** Task description **
Print the data below verbatim, minus images.

** The data **
⁂
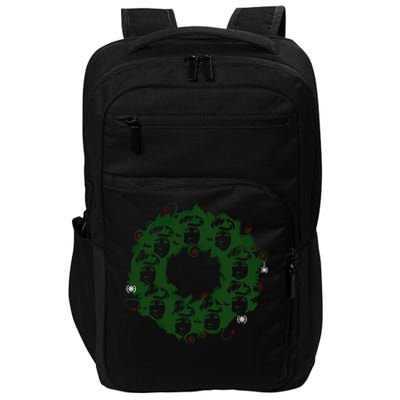 Christmas A Wreath A Franklin Funny Marry Christmas Santa Claus Gives Gifts Impact Tech Backpack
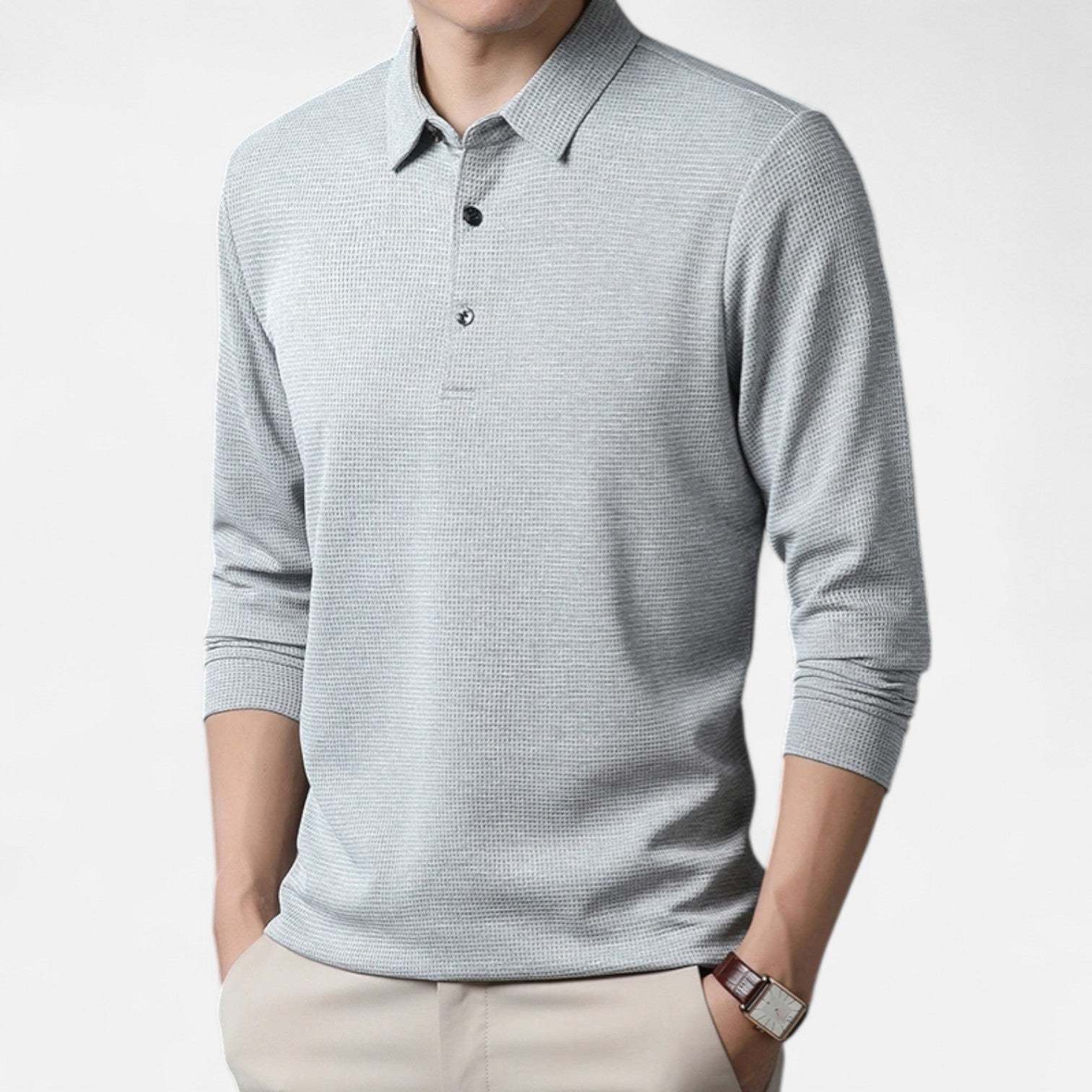 Fiventa | Men’s Business Casual Polo Shirt in Knit Texture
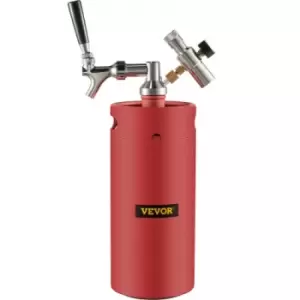 image of VEVOR Beer Growler Tap System, 135Oz Mini Keg, 4L Pressurized Beer Growler, 304 Stainless Steel Mini Keg Growler, Comes with Dual Pressure Display CO2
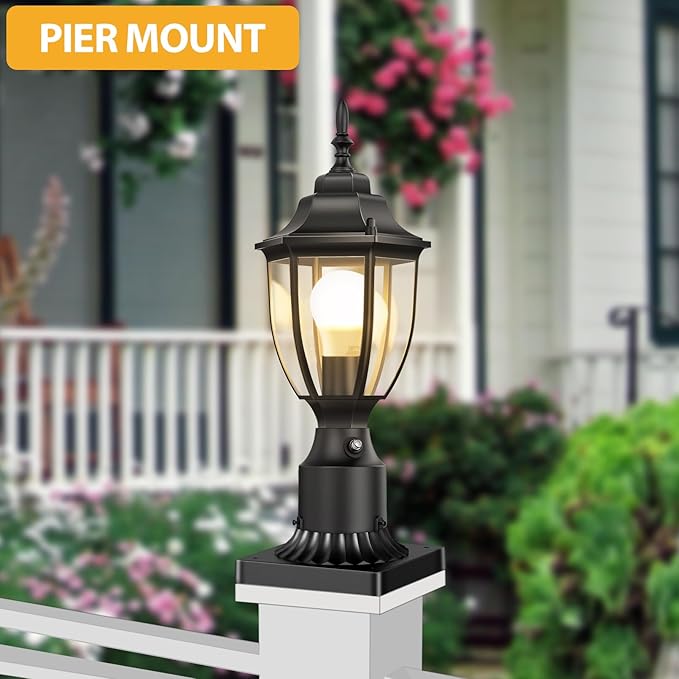 Lamomo Outdoor Post Lights, 2 Packs Dusk to Dawn Lamp Post Light Fixture, Waterproof Aluminum Lamp Posts Outdoor Lighting Pole Lantern for Yard Patio Pathway Garden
⁂
** Solution to this problem **
 Christmas A Wreath A Franklin Funny Marry Christmas Santa Claus Gives Gifts Impact Tech Backpack
 Fiventa | Men’s Business Casual Polo Shirt in Knit Texture
 image of VEVOR Beer Growler Tap System, 135Oz Mini Keg, 4L Pressurized Beer Growler, 304 Stainless Steel Mini Keg Growler, Comes with Dual Pressure Display CO2
 Lamomo Outdoor Post Lights, 2 Packs Dusk to Dawn Lamp Post Light Fixture, Waterproof Aluminum Lamp Posts Outdoor Lighting Pole Lantern for Yard Patio Pathway Garden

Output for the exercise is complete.